== Task description ==
What is needed is an exact transcription of every record, minus the pictures.

== Information ==
*** Block opens ***

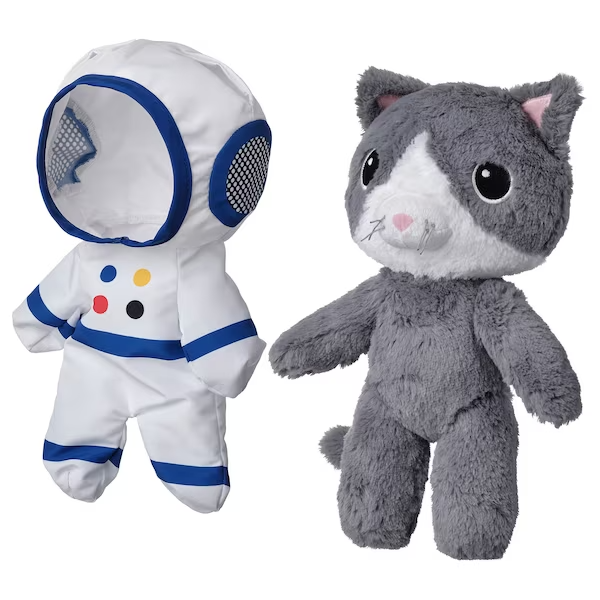 Gray Kitten Plush Stuffed Animal Toy New Aftonsparv Astronaut Suit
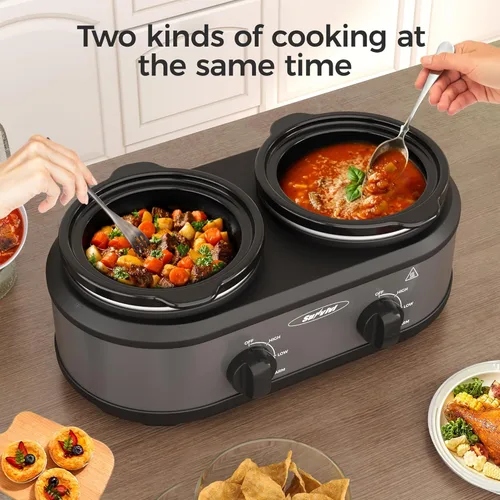 Miniatura 2 de Sunvivi Olla de cocción lenta doble, servidores de buffet y calentador con 2 ollas de cerámica extraíbles, calentador de alimentos de cocción lenta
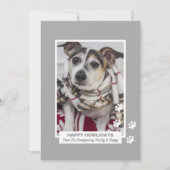 Happy Howlidays Dog met Paw Prints Pet Photo Feestdagenkaart (Voorkant)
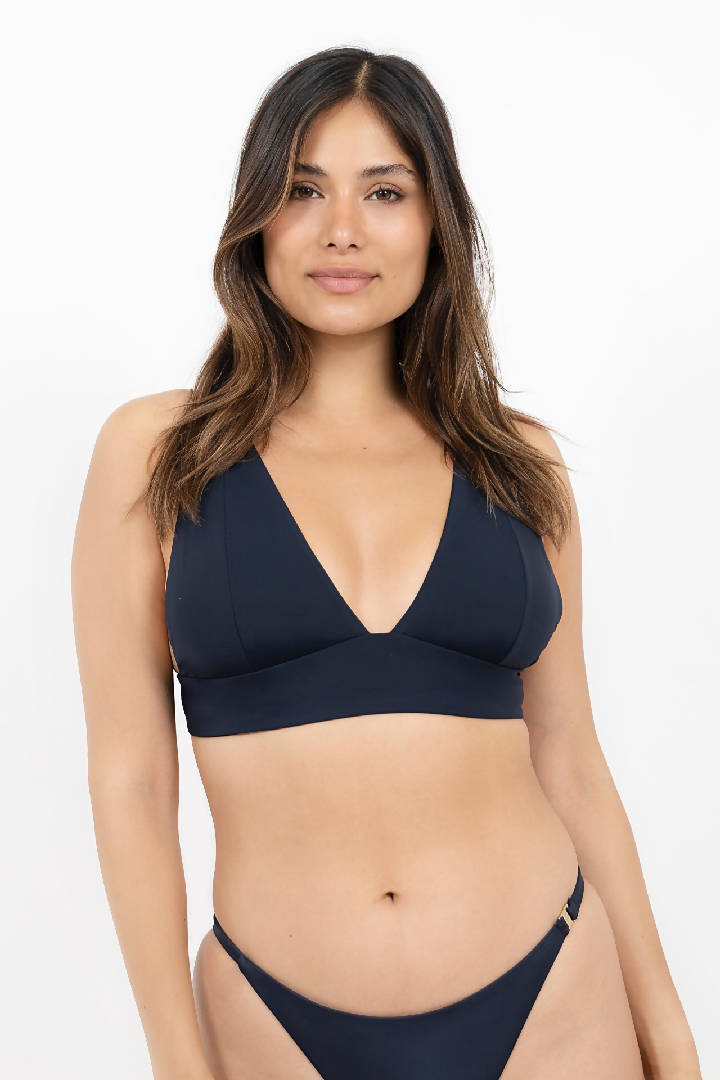 Uluwatu Timeless Bikini Top in Dark Blue Pebble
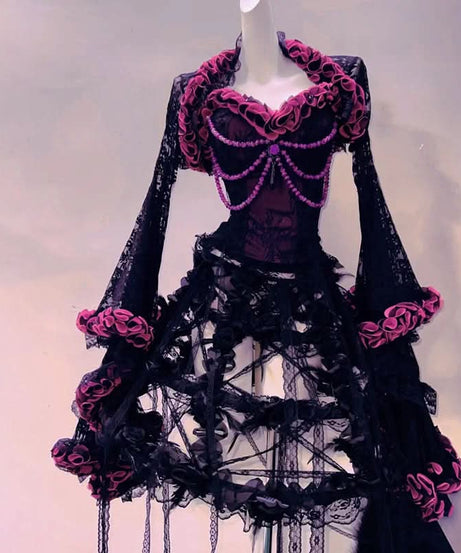 Enchanting Black & Pink Gothic 3-Piece Set: Corset, Ruffled Skirt & Lace Shrug - Perfect for Halloween & Fall Events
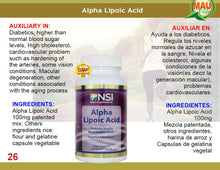 PRODUCTO NATURAL PARA LA DIABETES (Alpha Lipoic Acid)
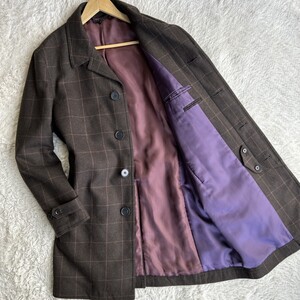 希少L2サイズ【至高の逸品】Paul Smith LONDON ポールスミス ウール 比翼 ステンカラーコート ロングコート XL ブラウン メンズ 近年モデル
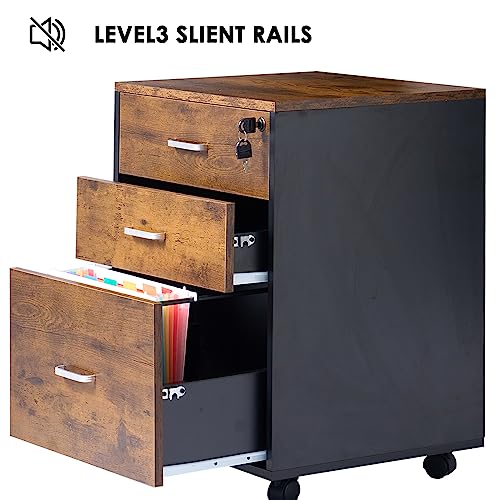 SogesHome Archivador Móvil de Madera con 3 Cajone, Cajonera con Ruedas Armario Cajonera de Oficina con Cerradura - imagen 3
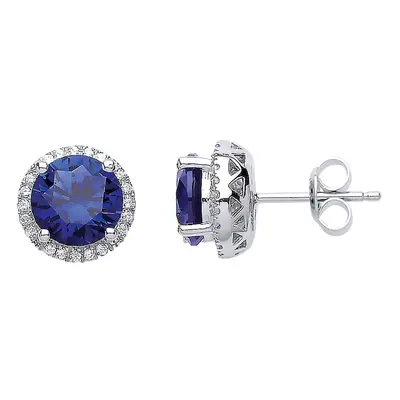 Jewelco London Ladies Sterling Silver Sapphire-Blue Cubic Zirconia Halo Stud Earrings - GVE617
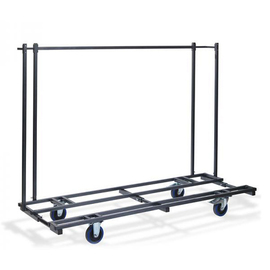 Festzeltgarnitur-Transportwagen 2 Lenk-, 2 Bockrollen Stahl 2300 mm x 590 - 890 mm H 1700 mm | passend für 10 Festzeltgarnituren à 1 Tisch | 2 Bänke Produktbild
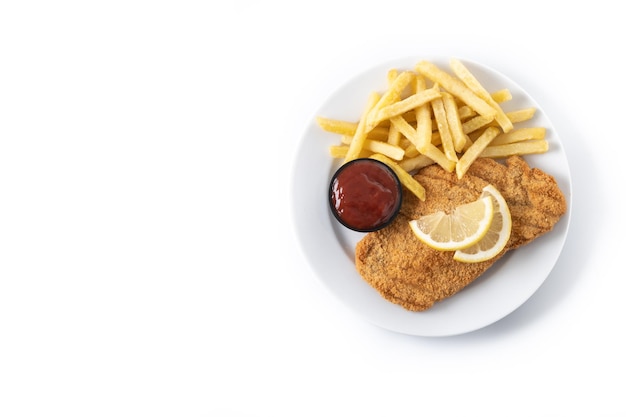 Wiener schnitzel with fried potatoes isolated on white background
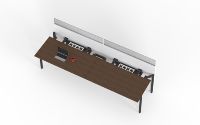 Bureau de travail pour 4 personnes avec plateau coulissant pour câbles et écran de confidentialité pour bureau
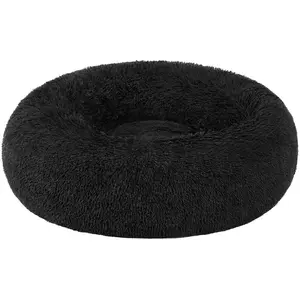 Feandrea Panier pour chien en tissu peluche, Noir / L 60 x l 60 x H 20 cm pas cher
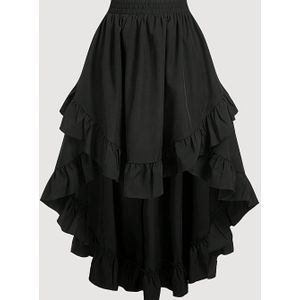 Vrouwen's Zwarte Gelaagde A-Lijn Rok met Asymmetrische Zoom - Elegant Laagjesontwerp, Wasmachinebestendig, Veelzijdige Lente Zomer Herfst Casual tot Formele Kleding, Niet-Transparante Stof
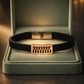 Premium Black Silicon Bracelet with Rose Gold Diamond Rectangular Motif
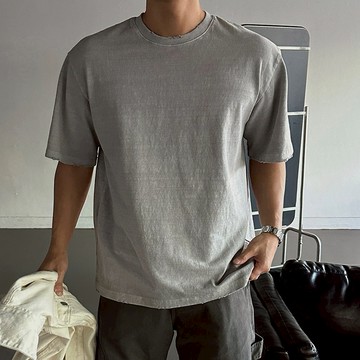 正韓舒適棉復古水洗破損感短袖T恤 5色 YUPPIE 預購商品 0317
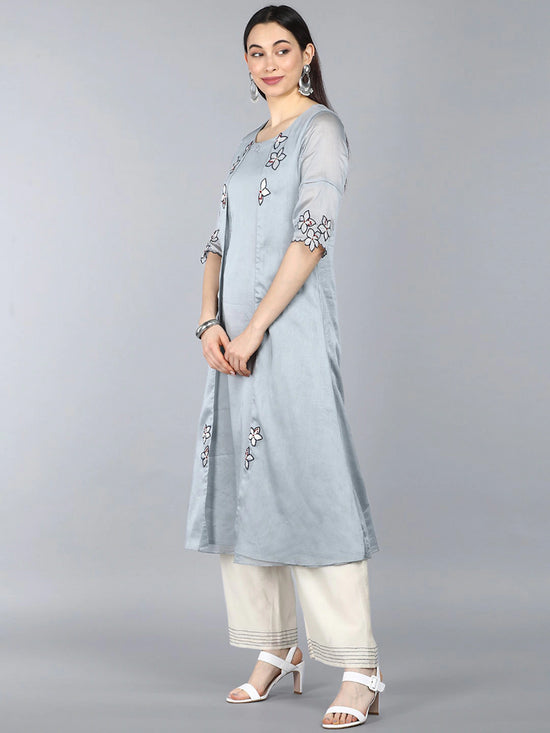 Ahika Poly Silk Embroidered Kurta Pant Dupatta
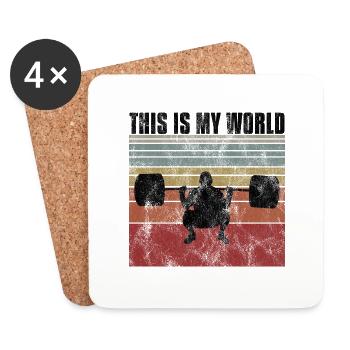 This is my world Bodybuilding Bodybuilder GYM - Coasters (set of 4) - white - Front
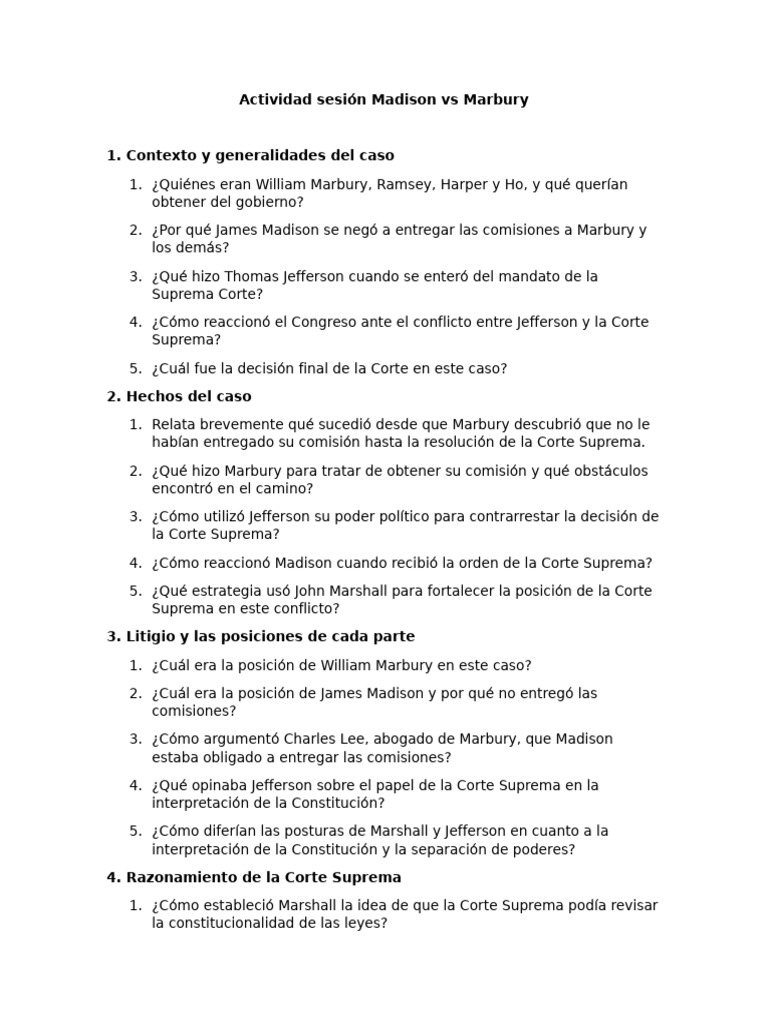 Análisis del caso Marbury vs. Madison | PDF | Separación de poderes ...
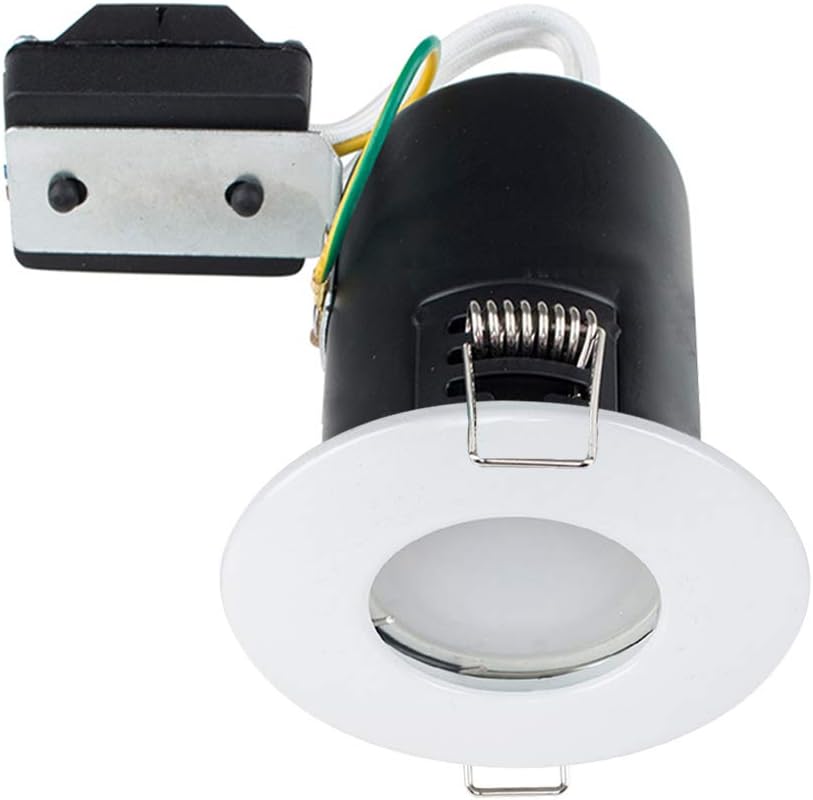 MiniSun Pack of 6 Fire Rated Bathroom/Shower IP65 White Domed GU10 Ceiling Downlights Amazon
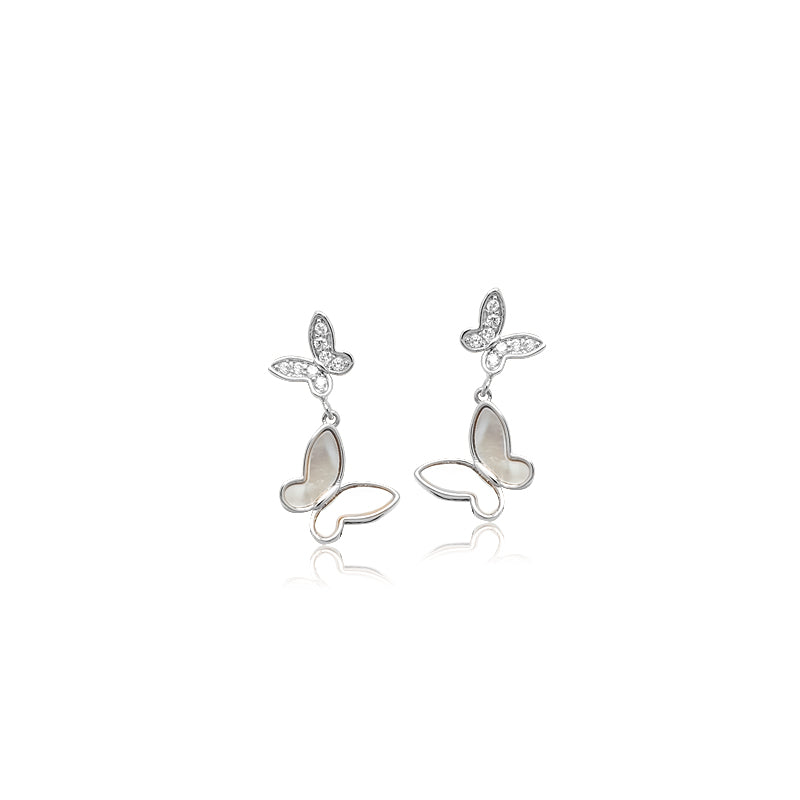 Butterfly Mother of Pearl Earrings - CHOMEL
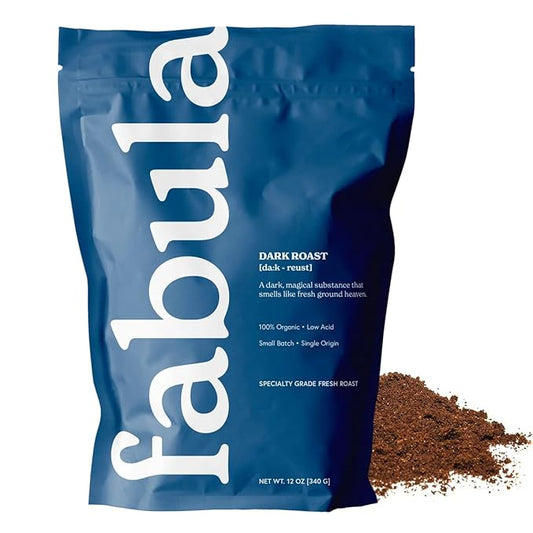 Fabula Coffee Dark Roast Freshly Ground - Organic - Low Acid - Single Origin - Non-GMO - Mold Free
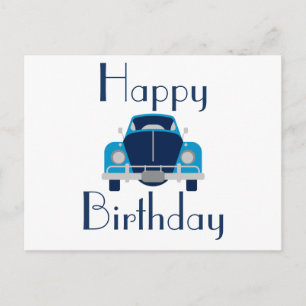 Blaue Happy Birthday Auto Grußkarte Postkarte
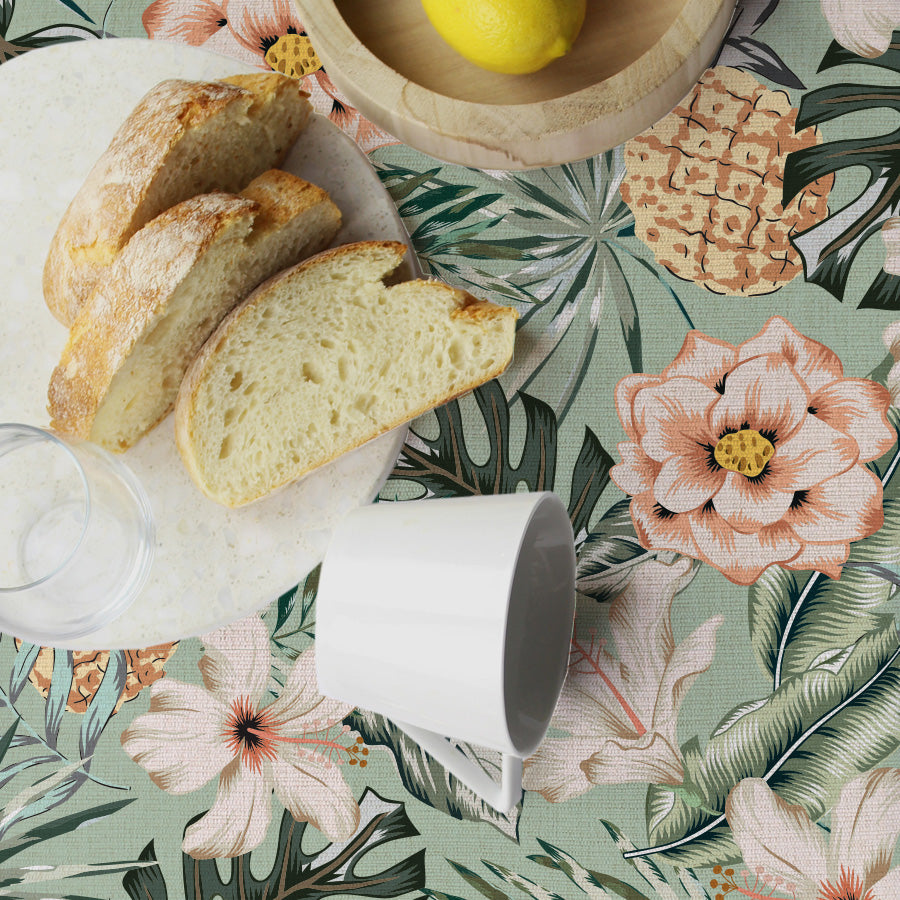 Water-Repellent Tablecloth & Picnic Mat with Tassel Trim – 250x142cm Poly Linen Look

*** Block closes ***

== Answer below ==
 Gray Kitten Plush Stuffed Animal Toy New Aftonsparv Astronaut Suit
 Miniatura 2 de Sunvivi Olla de cocción lenta doble, servidores de buffet y calentador con 2 ollas de cerámica extraíbles, calentador de alimentos de cocción lenta
 Happy Howlidays Dog met Paw Prints Pet Photo Feestdagenkaart (Voorkant)
 Uluwatu Timeless Bikini Top in Dark Blue Pebble
 Enchanting Black & Pink Gothic 3-Piece Set: Corset, Ruffled Skirt & Lace Shrug - Perfect for Halloween & Fall Events
 PRODUCTO NATURAL PARA LA DIABETES (Alpha Lipoic Acid)
 希少L2サイズ【至高の逸品】Paul Smith LONDON ポールスミス ウール 比翼 ステンカラーコート ロングコート XL ブラウン メンズ 近年モデル
 SogesHome Archivador Móvil de Madera con 3 Cajone, Cajonera con Ruedas Armario Cajonera de Oficina con Cerradura - imagen 3
 Jewelco London Ladies Sterling Silver Sapphire-Blue Cubic Zirconia Halo Stud Earrings - GVE617
 Festzeltgarnitur-Transportwagen 2 Lenk-, 2 Bockrollen Stahl 2300 mm x 590 - 890 mm H 1700 mm | passend für 10 Festzeltgarnituren à 1 Tisch | 2 Bänke Produktbild
 Wiener schnitzel with fried potatoes isolated on white background
 Bureau de travail pour 4 personnes avec plateau coulissant pour câbles et écran de confidentialité pour bureau
 Feandrea Panier pour chien en tissu peluche, Noir / L 60 x l 60 x H 20 cm pas cher
 Vrouwen's Zwarte Gelaagde A-Lijn Rok met Asymmetrische Zoom - Elegant Laagjesontwerp, Wasmachinebestendig, Veelzijdige Lente Zomer Herfst Casual tot Formele Kleding, Niet-Transparante Stof
 Premium Black Silicon Bracelet with Rose Gold Diamond Rectangular Motif
 正韓舒適棉復古水洗破損感短袖T恤 5色 YUPPIE 預購商品 0317
 Ahika Poly Silk Embroidered Kurta Pant Dupatta
 This is my world Bodybuilding Bodybuilder GYM - Coasters (set of 4) - white - Front
 Análisis del caso Marbury vs. Madison | PDF | Separación de poderes ...
 MiniSun Pack of 6 Fire Rated Bathroom/Shower IP65 White Domed GU10 Ceiling Downlights Amazon
 Butterfly Mother of Pearl Earrings - CHOMEL
 Fabula Coffee Dark Roast Freshly Ground - Organic - Low Acid - Single Origin - Non-GMO - Mold Free
 Blaue Happy Birthday Auto Grußkarte Postkarte
 Water-Repellent Tablecloth & Picnic Mat with Tassel Trim – 250x142cm Poly Linen Look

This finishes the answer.